06-01-2003, 01:08 AM
If you are saying that the wall is already constructed then these responses are good. If the wall is not built then all you need to do is slope the blocks and pavers at the same slope. 1-2% is all you will need.
I am planning a similar job also, so I'm glad to see this same question I have posted. In my case there is an existing timber wall we are removing, and some patio block is rough laid on the existing soil & being removed. Wall & patio are 3 feet high.
Zedosix, how do you slope the wall, when they are installed level??
What I'm thinking of doing is running the slope down from the house & using bullnose pavers for the edge the slope comes to. So the edges meeting the house & the front of the wall will be level, like the wall. I'll use a different color for the bullnose (and continue that color for the soldier course) to help contrast the drop off. I was also thinking of installing some paver lights near that edge to help indentify that area at night. On the one side I am thinking I will just use the wall caps & step up half way to have the wall slightly above the patio. On the other side we're putting in steps, so I think I'll do the same thing with those walls, just use a second cap to step up the wall on the far side where it continues to the house past the steps. Now if the client doesn't want to do that, they were considering the wall be higher than the patio slightly. In that case, I'm thinking of using the same slope & just installing a couple of drains with grates at the sloped edge to get the water out. Other option is to cut some holes into the wall where needed? Or, does anyone have other ideas??
Another question I have is should all of the area behind the wall & under the patio be removed & then base installed? Or can the normal amount of base be installed onto the existing soil, except where I need to excavate for the wall?
06-05-2003, 12:18 PM
In most if not all cases the retaining wall will have a slope to it. Where the ret. wall meets the house on both ends...they should be at the same height ..ie level. Now leading out from the house it would be wise to drop the wall about 1/8" - 1/4" per foot. This is standard grading practise. If your patio is 20 feet long you will have between a 2-1/2" - 5" drop from house to end of patio.
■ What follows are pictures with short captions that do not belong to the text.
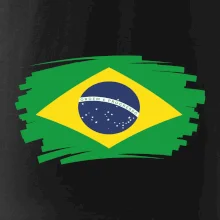Brazília vlajka štetkou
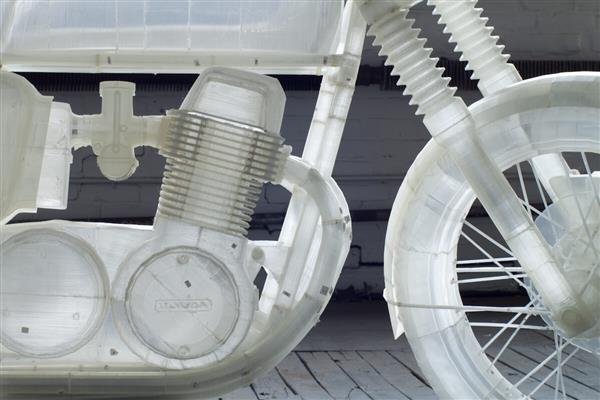 Нью-йоркский художник напечатал на 3D-принтере Ultimaker мотоцикл Honda CB500 в полную величину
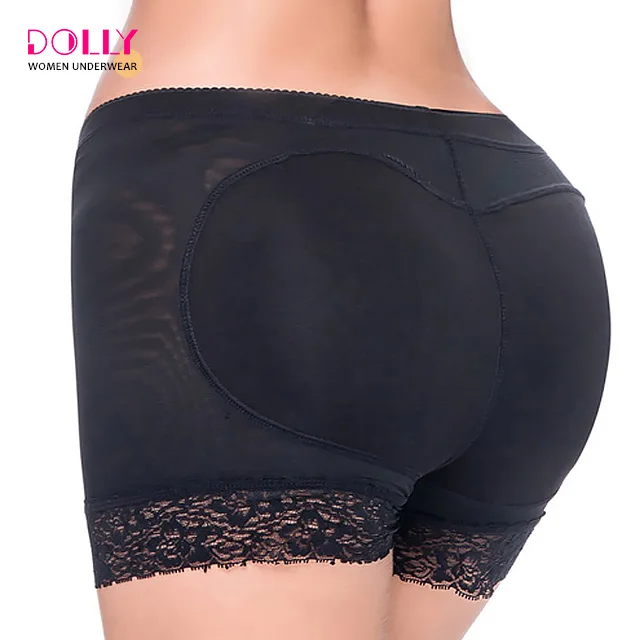 Butt Lifter Buttock Enhancement Pads Underwear Shapewear Lace Padded Control Panties Pad Girl Shorts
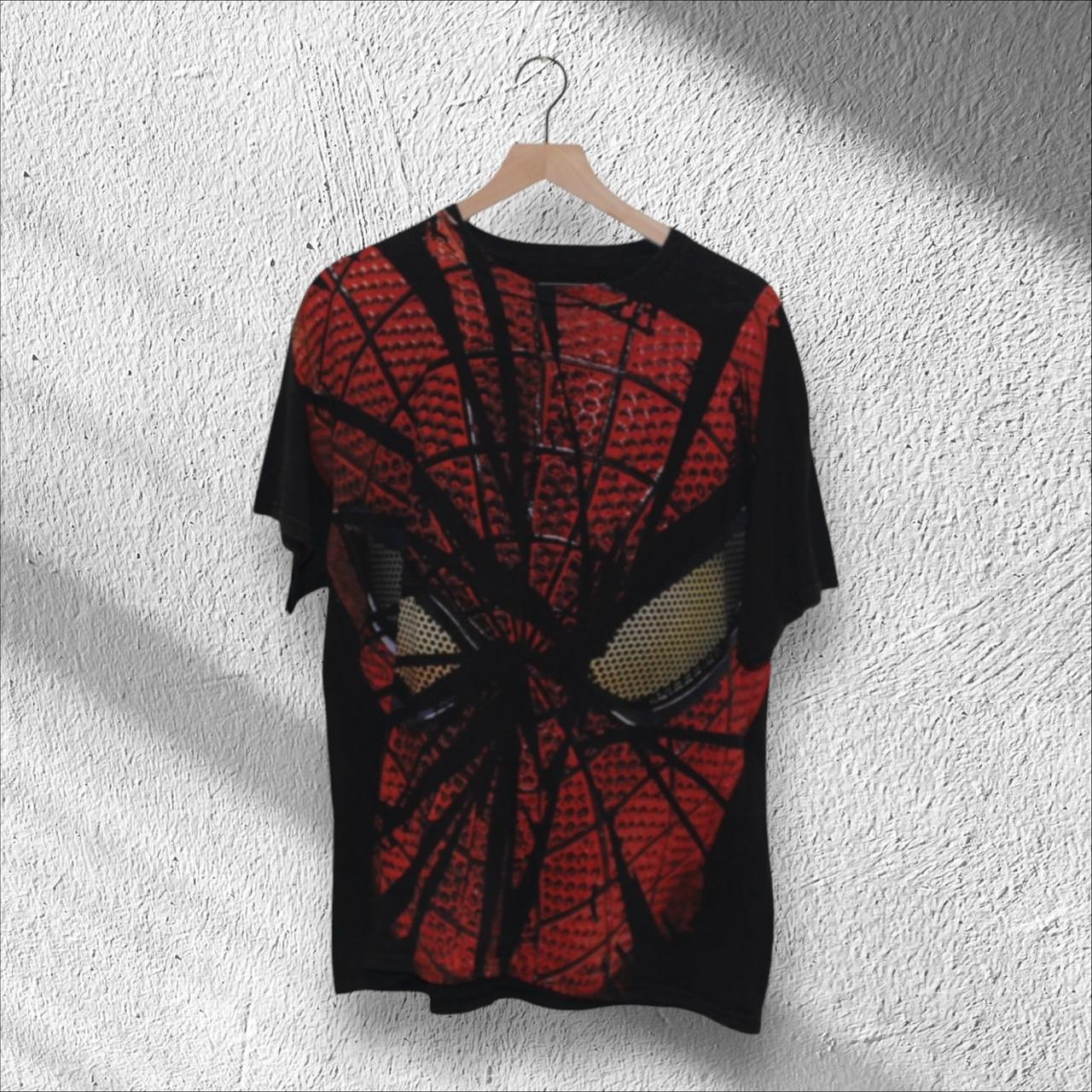 Vintage Spider-Man Marvel Comics All Over Print Shirt Large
Construct your wall and cap, back fill with appropriate stone ( here we have lots of frost so some clear stone is required directly behind the wall.)
As for the other question, Ideally you would excavate the entire area to the same depth. Here we have alot of clay so we would excavate and slope the base. If it is a sand or stone base then I would just dig a trench for the wall and remove the top layer of grass and loose dirt before installing my base for the remainder of the patio.
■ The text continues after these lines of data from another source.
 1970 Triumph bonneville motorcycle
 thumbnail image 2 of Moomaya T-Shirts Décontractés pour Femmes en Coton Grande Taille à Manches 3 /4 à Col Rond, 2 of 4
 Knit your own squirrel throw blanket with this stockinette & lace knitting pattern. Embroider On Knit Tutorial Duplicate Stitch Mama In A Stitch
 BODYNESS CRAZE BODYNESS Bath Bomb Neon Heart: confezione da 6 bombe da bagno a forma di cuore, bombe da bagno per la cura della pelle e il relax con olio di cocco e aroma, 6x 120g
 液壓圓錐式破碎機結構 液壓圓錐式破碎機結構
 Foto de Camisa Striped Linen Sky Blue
I think you will have a nicer finish to the patio if interlock and wall are at the same height.
Hope its not too confusing. Good luck
"Now leading out from the house it would be wise to drop the wall about 1/8" - 1/4" per foot. This is standard grading practise."
Yep, I'm confused.
All of the brands of concrete segmental retaining walls that I have used or seen used are designed to be installed level. I've never seen one installed not level (except DIY's, and those walls are usually having more than just problems with being level ;) ) None of the installation instructions show a method of installing them at a slope, so I'm assuming the sides that are at an angle would just need a miter cut to make them match the front section of the wall that will be level. But the corners of the wall need to have the blocks interlocked with each side so that wouldn't work either. There would be a bad eneven gap where the side wall meets the front wall because one course would have a miter cut 12" from the corner, then the next course the miter cut would be 6" from the corner etc. etc. Nope that is not possible. The other problem I see with that is that they aren't designed for that, so the side walls might put unneeded pressure onto that front face of the wall (kind of like the hydrostatic pressure that gets put onto them). Also, would that interfere with the integrity of the retaining strength of the geotextile fabric, by having one end a few inches higher than where the rest is installed (probably not, but maybe?)? I think I will stick to following the installation instructions & keep the wall level. Maybe there are other brands that are designed for that type of installation, but the Versa-Lok we're using for this one does not specify a sloped installation, especially considering the above mentioned problems at the corners .
06-05-2003, 02:10 PM
Let me ask you this. If you were building a large front step, would you also set the blocks level or would you slope them slightly. I really don't understand the problem. If you have one block set in the ground and a restraint edging on the side of the wall there should be no problem with this. I think at 1/8" or a 1% slope there should be no problem whatsoever. Any other way would seem like a home job. Up here we use support pins in behind the blocks, glue for the capping stone etc. We don't have any problems with it.
06-05-2003, 02:17 PM
I just re-read your response and I am totally confused as to what the problem is. Even with a slightly sloped wall you WILL NOT have any problems with the corners. As to where the block meets up with the house foundation that is no problem. You will not even notice the slight gap. I mean on a block of 6" in height there would be maybe a 1/16" gap at the top of the block. Most foundation walls are not perfectly straight anyway. So there may be some cutting of the block here but thats it. Do you do this often or is this new to you. Just curious.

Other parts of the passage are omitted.